● Problem to solve
What is needed is an exact reproduction of the lines in the records below, starting at the line with "sketch of the" and ending at the line with "Illustrative render —", both included, and nothing else; pictures stay out.

Records excerpted from a collection:
BEGIN
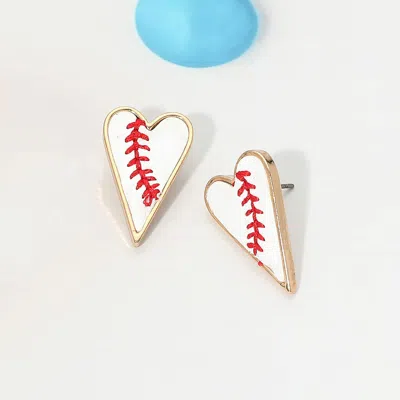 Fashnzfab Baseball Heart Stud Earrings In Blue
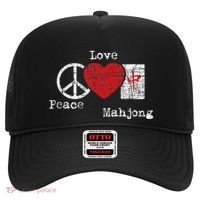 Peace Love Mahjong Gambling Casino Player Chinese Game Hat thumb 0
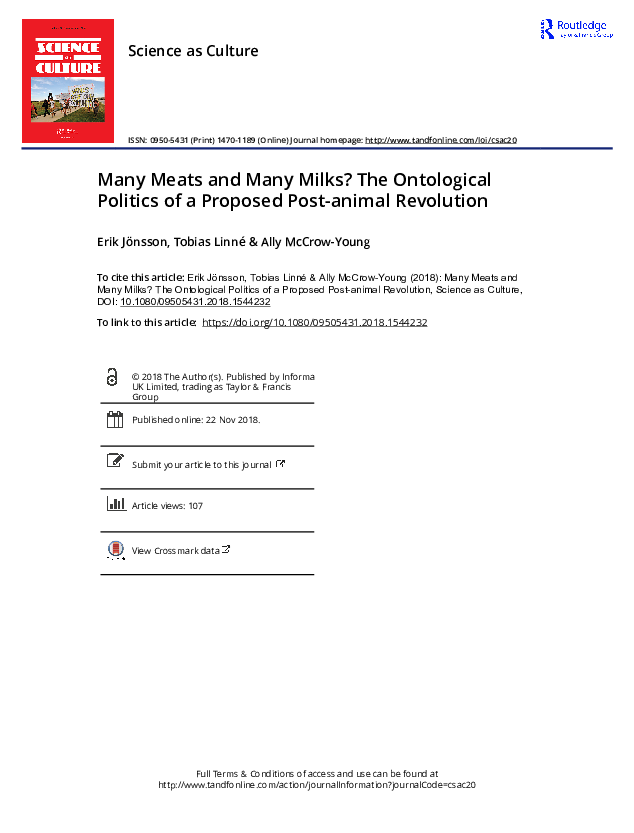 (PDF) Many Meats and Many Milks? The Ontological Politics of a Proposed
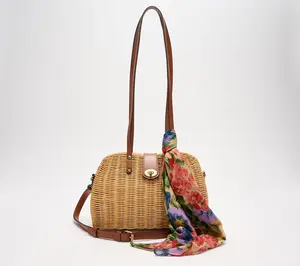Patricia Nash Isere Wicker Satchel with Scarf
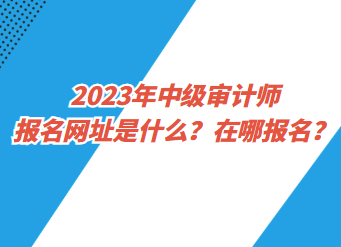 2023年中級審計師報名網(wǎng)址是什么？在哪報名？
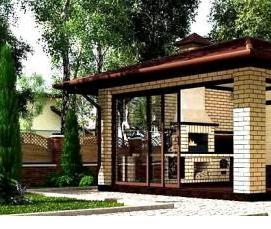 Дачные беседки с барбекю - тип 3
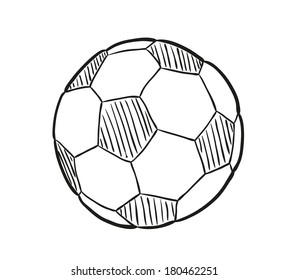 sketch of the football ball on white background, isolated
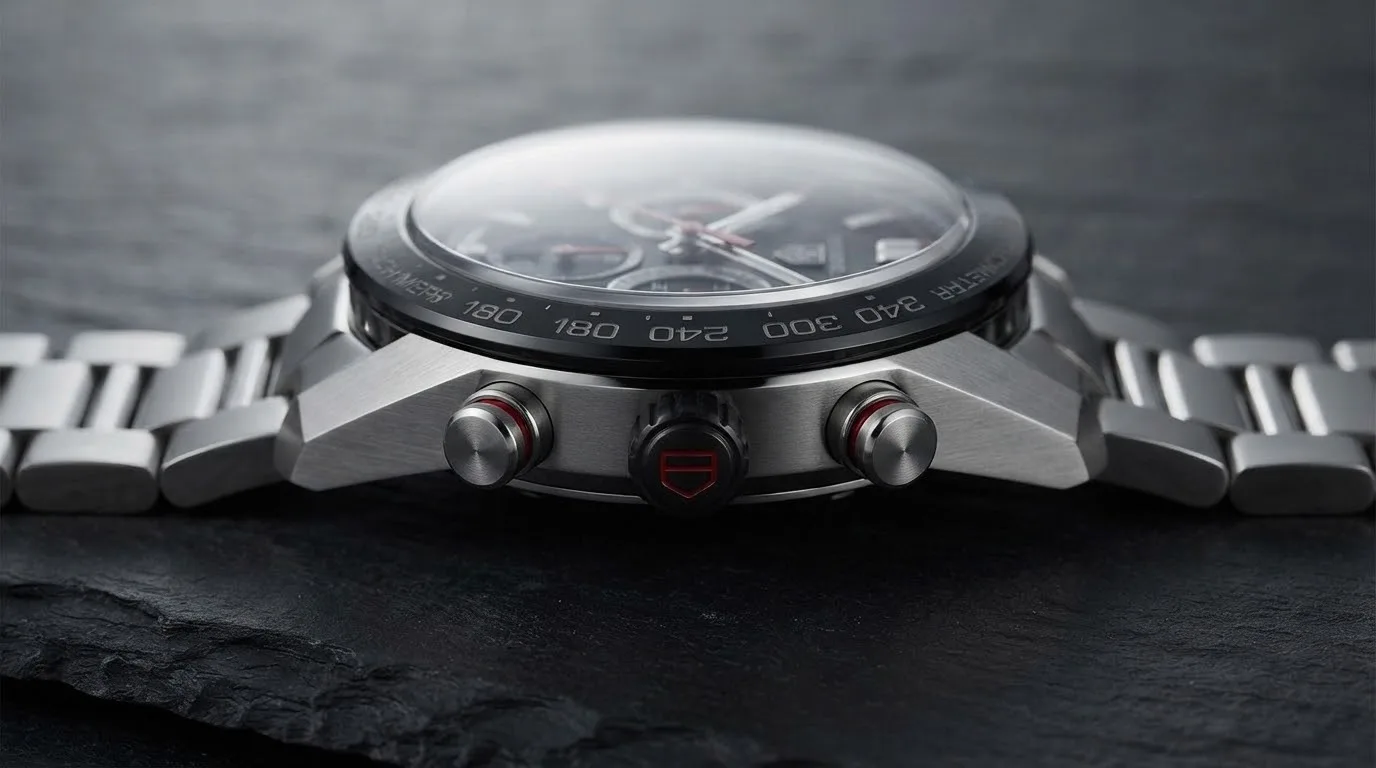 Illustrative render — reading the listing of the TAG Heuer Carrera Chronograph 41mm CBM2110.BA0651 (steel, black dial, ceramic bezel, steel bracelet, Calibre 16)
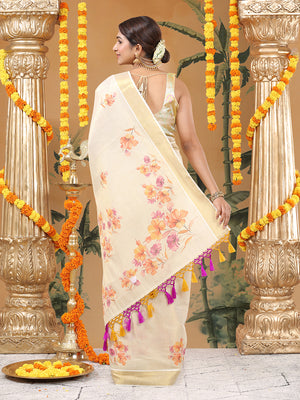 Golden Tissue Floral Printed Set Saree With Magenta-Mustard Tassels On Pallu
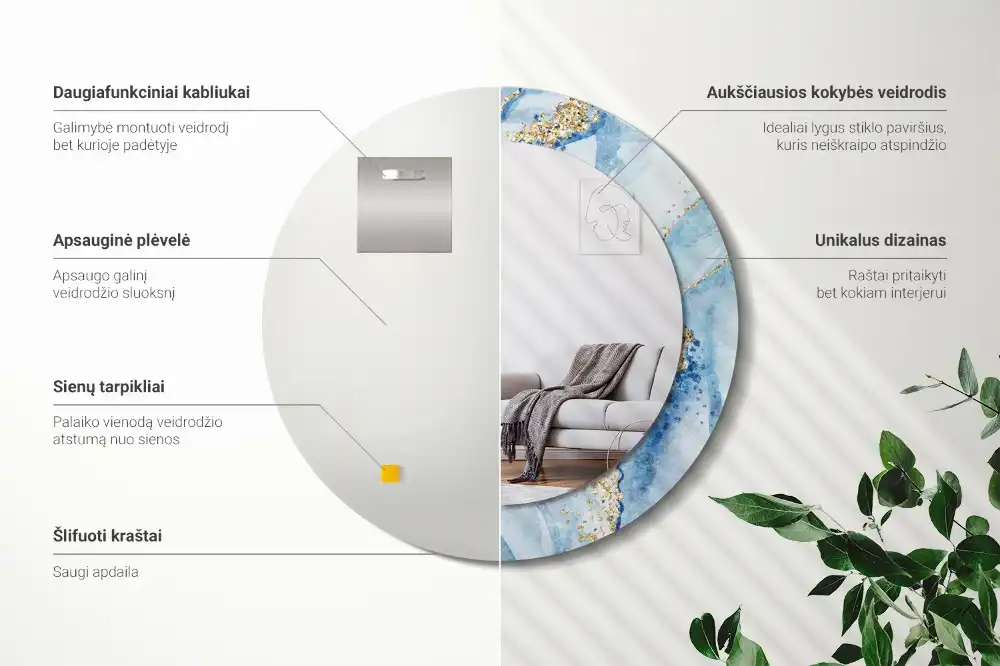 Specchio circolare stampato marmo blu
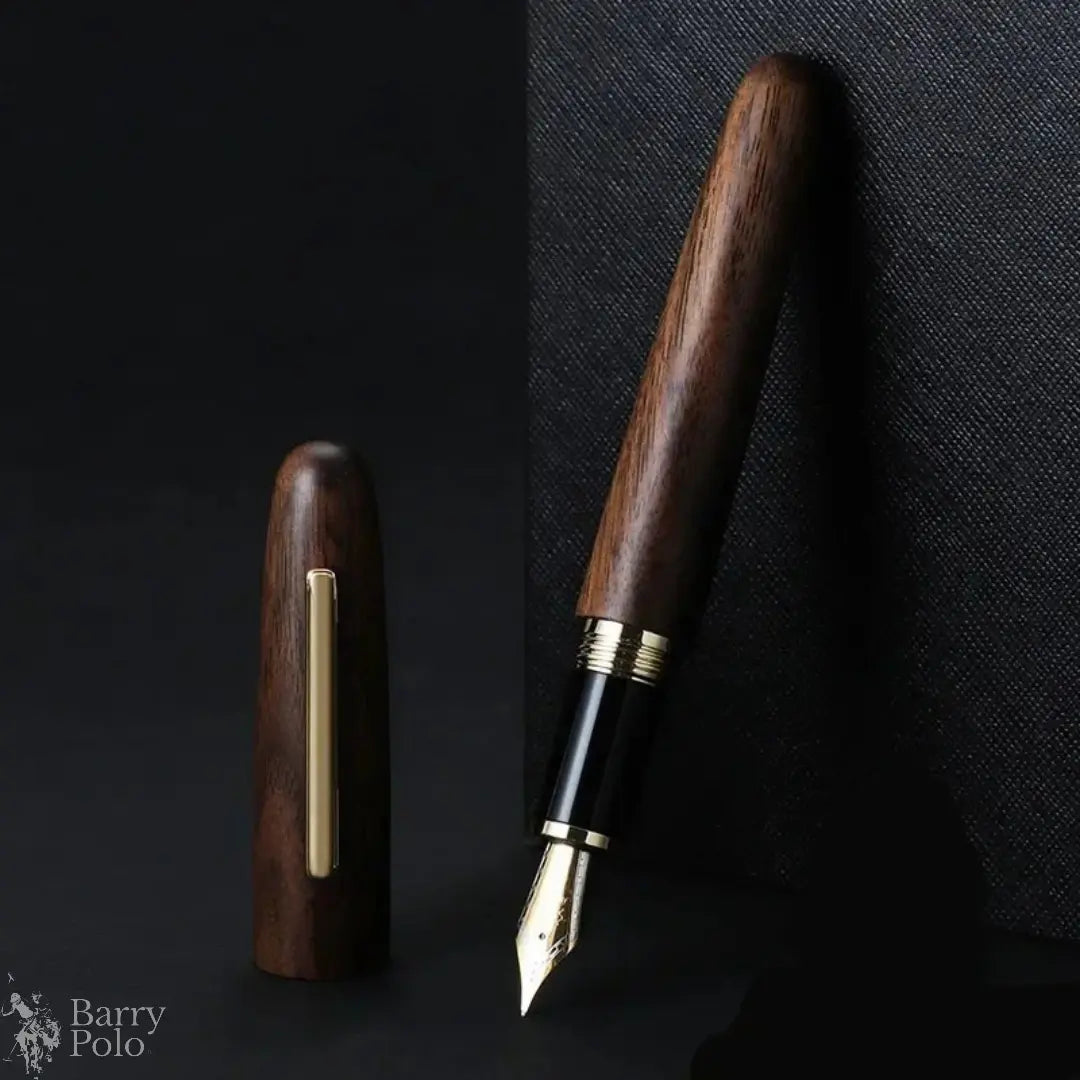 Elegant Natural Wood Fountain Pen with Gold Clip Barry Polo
END
● Result below
 sketch of the football ball on white background, isolated
 Illustrative render — reading the listing of the TAG Heuer Carrera Chronograph 41mm CBM2110.BA0651 (steel, black dial, ceramic bezel, steel bracelet, Calibre 16)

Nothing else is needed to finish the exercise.